Justiciar (med. Lat. justiciarius or justitiarius, a judge), in English history, the title of the chief minister of the Norman and earlier Angevin kings. The history of the title in this connotation is somewhat obscure. Justiciarius meant simply “judge,” and was originally applied, as Stubbs points out (Const. Hist. i. 389, note), to any officer of the king’s court, to the chief justice, or in a very general way to all and sundry who possessed courts of their own or were qualified to act as judices in the shire-courts, even the style capitalis justiciarius being used of judges of the royal court other than the chief. It was not till the reign of Henry II. that the title summus or capitalis justiciarius, or justiciarius totius Angliae was exclusively applied to the king’s chief minister. The office, however, existed before the style of its holder was fixed; and, whatever their contemporary title (e.g. Custos Angliae), later writers refer to them as justiciarii, with or without the prefix summus or capitalis (ibid. p. 346). Thus Ranulf Flambard, the minister of William II., who was probably the first to exercise the powers of a justiciar, is called justiciarius by Ordericus Vitalis.
The origin of the justiciarship is thus given by Stubbs (ibid. p. 276). The sheriff “was the king’s representative in all matters judicial, military and financial in the shire. From him, or from the courts of which he was the presiding officer, appeal lay to the king alone; but the king was often absent from England and did not understand the language of his subjects. In his absence the administration was entrusted to a justiciar, a regent or lieutenant of the kingdom; and the convenience being once ascertained of having a minister who could in the whole kingdom represent the king, as the sheriff did in the shire, the justiciar became a permanent functionary.”
The fact that the kings were often absent from England, and that the justiciarship was held by great nobles or churchmen, made this office of an importance which at times threatened to overshadow that of the Crown. It was this latter circumstance which ultimately led to its abolition. Hubert de Burgh (q.v.) was the last of the great justiciars; after his fall (1231) the justiciarship was not again committed to a great baron, and the chancellor soon took the position formerly occupied by the justiciar as second to the king in dignity, as well as in power and influence. Finally, under Edward I. and his successor, in place of the justiciar—who had presided over all causes vice regis—separate heads were established in the three branches into which the curia regis as a judicial body had been divided: justices of common pleas, justices of the king’s bench and barons of the exchequer.
Outside England the title justiciar was given under Henry II. to the seneschal of Normandy.
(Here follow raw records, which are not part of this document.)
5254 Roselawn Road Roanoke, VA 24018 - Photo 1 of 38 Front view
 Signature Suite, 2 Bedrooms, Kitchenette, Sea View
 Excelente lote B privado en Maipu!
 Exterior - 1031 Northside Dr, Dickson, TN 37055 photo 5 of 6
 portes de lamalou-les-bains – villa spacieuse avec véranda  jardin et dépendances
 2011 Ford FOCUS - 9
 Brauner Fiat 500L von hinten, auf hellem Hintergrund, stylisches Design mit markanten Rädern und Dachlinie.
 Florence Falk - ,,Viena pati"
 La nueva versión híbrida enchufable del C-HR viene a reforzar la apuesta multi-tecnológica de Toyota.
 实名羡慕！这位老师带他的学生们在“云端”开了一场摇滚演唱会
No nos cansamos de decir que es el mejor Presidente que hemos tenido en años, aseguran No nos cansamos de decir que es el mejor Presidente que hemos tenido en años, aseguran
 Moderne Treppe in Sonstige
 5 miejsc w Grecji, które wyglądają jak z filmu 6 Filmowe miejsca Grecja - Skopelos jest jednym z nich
In Scotland the title of justiciar was borne, under the earlier kings, by two high officials, one having his jurisdiction to the north, the other to the south of the Forth. They were the king’s lieutenants for judicial and administrative purposes and were established in the 12th century, either by Alexander I. or by his successor David I. In the 12th century a magister justitiarius also appears in the Norman kingdom of Sicily, title and office being probably borrowed from England; he presided over the royal court (Magna curia) and was, with his assistants, empowered to decide, inter alia, all cases reserved to the Crown (see Du Cange, s.v. Magister Justitiarius).
See W. Stubbs, Const. Hist. of England; Du Cange, Glossarium (Niort, 1885) s.v. “Justitiarius.”